Figure 5.. Pax3 Is Enriched in Mx1-Cre⁺ SCs

(A) Transcript levels of Pax7, Myf5, and Pax3 in freshly isolated Mx1⁺ and Mx1⁻ SCs (n = 3). (B) Confocal images of RNA FISH for Pax3 (red) combined with immunohistochemical detection of eYFP (green) and Pax7 (yellow; left). Number of Pax3 mRNA foci in Mx1⁺/Mx1⁻ SCs (100 → 130 cells; n = 2; middle) and LRC/nLRCs (518 → 517 cells; n = 2; left) is shown. (C) Percentage of Pax3⁺ mRNA foci in Mx1⁺/Mx1⁻ SCs (top) and LRC/nLRCs (bottom) from (B). (D) Confocal images of Pax3⁻ and Pax3⁺ SCs from Pax3^GFP/+ mice stained for GFP, Pax7, and γH2AX (left). Number of γH2AX⁺ foci per Pax7⁺ nuclei 10 min after in vitro +IR (2 Gy; n = 4 mice; right) is shown. (E) Mean cell ROX fluorescence intensity (a.u.) before and 60 min after 2 Gy IR (103 → 256 cells; n = 3). (F) Model of radiotolerance based on γH2AX DNA damage analysis across SC populations. Radiotolerance operates as a continuum with Mx1⁺, Pax3⁺, and LRC at one end and nLRC at the other end of the damage distribution. (G) Olive tail moment from Pax3^CE/+-tdT⁺ and Pax3^CE/f-tdT⁺ SCs in −IR and +IR (10 min after 2 Gy IR; 269 → 374 cells; n = 3). (H) Mean cell ROX fluorescence intensity (a.u.) of FACS sorted Pax3^CE/+-YFP⁺ and Pax3^CE/f-YFP⁺ SCs in −IR and +IR (60 min after 2 Gy IR; 100 → 267 cells; n = 3). (I) Percentage of caspase 3⁺ SCs 48 h after +IR in vitro (n = 3). Data are presented as mean ± SEM in (B), (D), (E), and (G)–(I), and as SD in (A); ^****p < 0.0001; ^***p < 0.001; ^**p < 0.01; ^*p < 0.05. Scale bars, 5 μm. DAPI was used for nuclear staining. See also Figure S5.

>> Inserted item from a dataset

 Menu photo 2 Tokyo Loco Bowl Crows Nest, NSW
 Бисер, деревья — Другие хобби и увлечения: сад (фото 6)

Figure 6.. Inhibition of ROS Promotes Tolerance and Survival in Radiosensitive SCs

(A) Schematic of Pax3^CE/+-tdT⁺ and Pax3^CE/+-tdT SCs treated with or without NAC up to 24 h post-IR (top) and number of γH2AX⁺ foci per Pax7⁺nuclei at 10 min, 2 h, and 24 h post-IR (n = 2; bottom). (B) Schematic of Pax3^CE/+-tdT⁺, Pax3^CE/+-tdT⁻, and Pax3^CE/f-tdT⁺ SCs treated with or without NAC up to 24 h post-IR (top). Number of γH2AX⁺ foci per Pax7⁺ nuclei at 2 h and 24 h post-IR and percentage of caspase3⁺ SCs after 24 h in culture (n = 2) is shown. (C) Schematic of Pax3^CE/+-tdT⁺, Pax3^CE/+-tdT⁻, and Pax3^CE/f-tdT⁺ SCs treated with or without NAC up to 2 h post-IR (top). Number of γH2AX⁺ foci per Pax7⁺ nuclei and percentage of caspase3⁺ SCs after 24 h in culture with or without NAC (n = 2) is shown. Data are presented as mean ± SEM; ^****p <0.0001; ^***p < 0.001; ^**p < 0.01; ^*p < 0.05; n.s., not significant. See also Figure S6.

Figure 7.. Pax3 Is Required for RSC Clonal Expansion after Transplantation

(A) Schematic of 3,000 Pax3⁺ SCs from ±IR Pax3^CE/+-tdT⁺ and Pax3^CE/f-tdT⁺ donor mice transplanted into locally IR (24 Gy) and BaCl₂-injured muscle of WT recipient mice. (B) Image of muscle cross-section from transplanted ±IR Pax3^CE/+-tdT⁺ and Pax3^CE/f-tdT⁺ SCs (from A). Muscle stained with anti-laminin (green) is shown. (C) Number of tdT⁺ donor-derived fibers/muscle section from transplanted ±IR Pax3^CE/+-tdT⁺ and Pax3^CE/f-tdT⁺ SCs (from A; n = 13 → 20 sections across 1 mm of TA muscle; n = 3 mice). (D) Model of radiotolerant Mx1-Cre⁺/Pax3⁺/Pax7⁺ RSCs capable of clonal expansion during tissue regeneration upon radiation stress. Data are presented as mean ± SEM; ^****p < 0.0001. Scale bar, 100 μm. DAPI was used for nuclear staining.